Every record needs to be repeated exactly; its pictures do not.

___ SOURCE INFORMATION ___

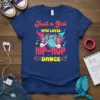 Just a Girl WHO LOVES HIP-HOP DANCE text with graphic of high-top sneakers and musical notes on a blue t-shirt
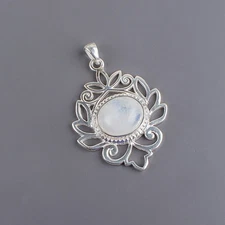 Rainbow Moonstone Gemstone Handmade 925 Sterling Silver Jewelry Pendant Gift For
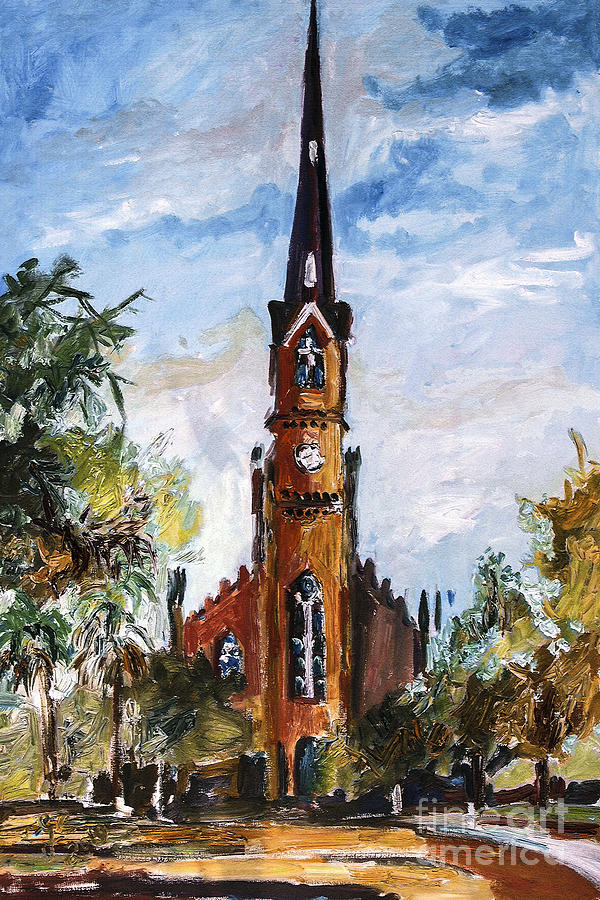 Charleston Churches St Matthews German Lutheran Painting by Ginette Callaway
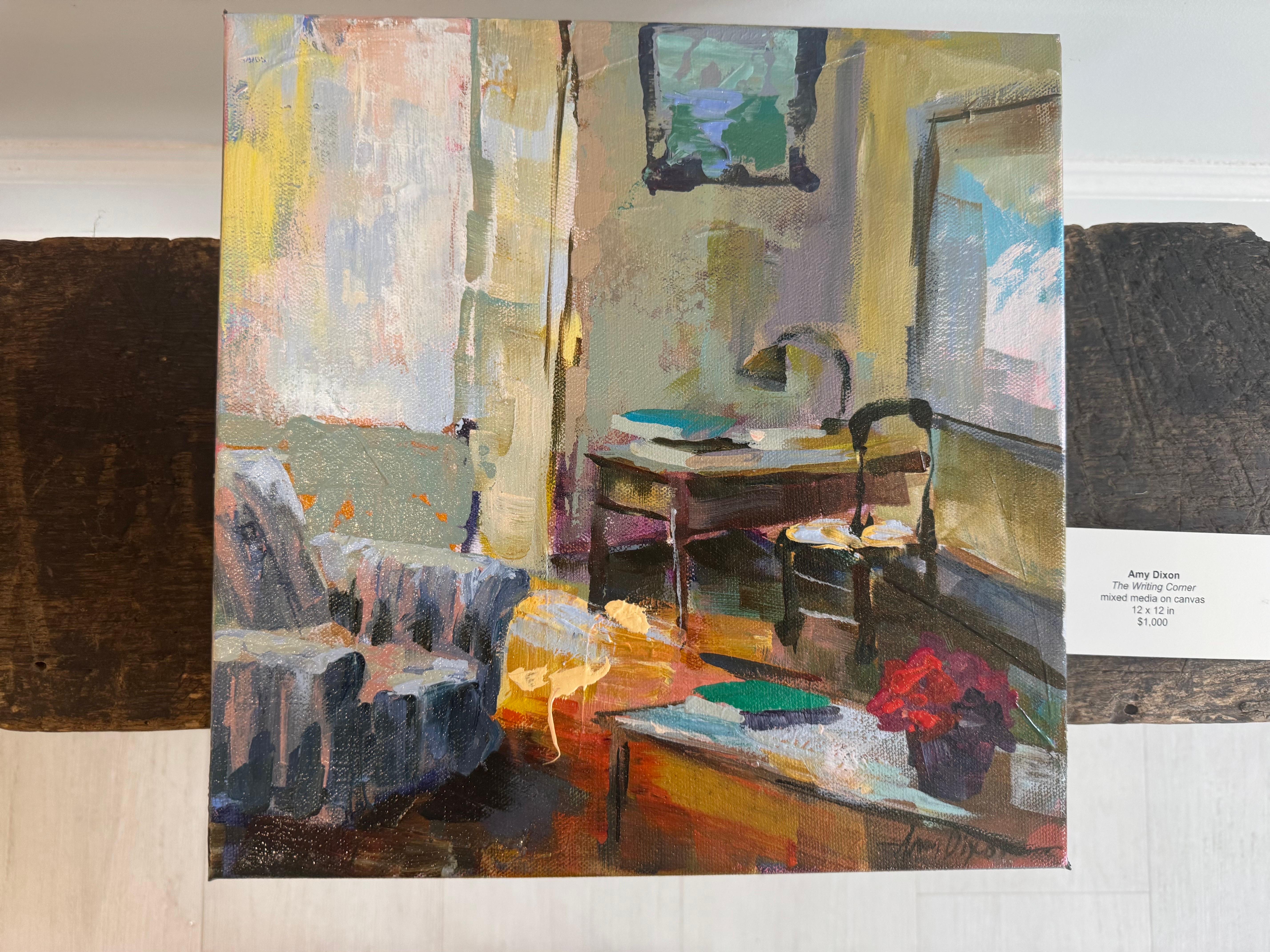El Rincón de la Escritura por Amy Dixon,  Naturaleza Muerta Abstracta Interior Pintura en Lienzo 1
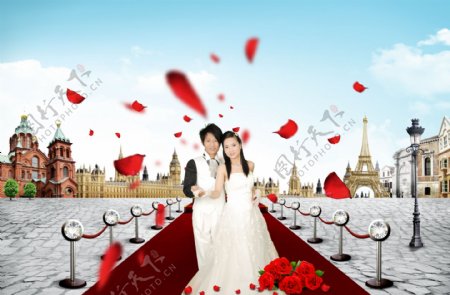 婚纱模板礼堂结婚背景玫瑰城堡红毯浪漫婚礼
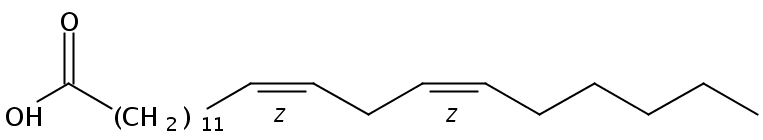 Structural formula of 13(Z),16(Z)-Docosadienoic acid
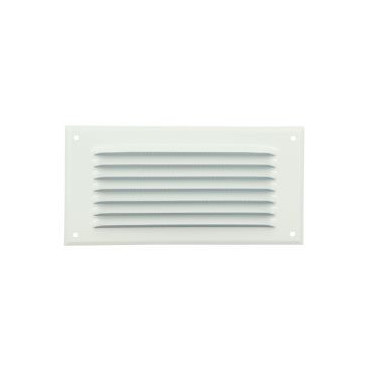 Grille de ventilation aluminium à visser rectangulaire horizontale - persiennes avec moustiquaire - hauteur 100mm - largeur 200mm couleur Blanc Nicoll | LM1020B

___

RESULT BELOW:
 Just a Girl WHO LOVES HIP-HOP DANCE text with graphic of high-top sneakers and musical notes on a blue t-shirt
 Rainbow Moonstone Gemstone Handmade 925 Sterling Silver Jewelry Pendant Gift For
 Charleston Churches St Matthews German Lutheran Painting by Ginette Callaway
El Rincón de la Escritura por Amy Dixon,  Naturaleza Muerta Abstracta Interior Pintura en Lienzo 1
 婚纱模板礼堂结婚背景玫瑰城堡红毯浪漫婚礼
 Structural formula of 13(Z),16(Z)-Docosadienoic acid
 Grille de ventilation aluminium à visser rectangulaire horizontale - persiennes avec moustiquaire - hauteur 100mm - largeur 200mm couleur Blanc Nicoll | LM1020B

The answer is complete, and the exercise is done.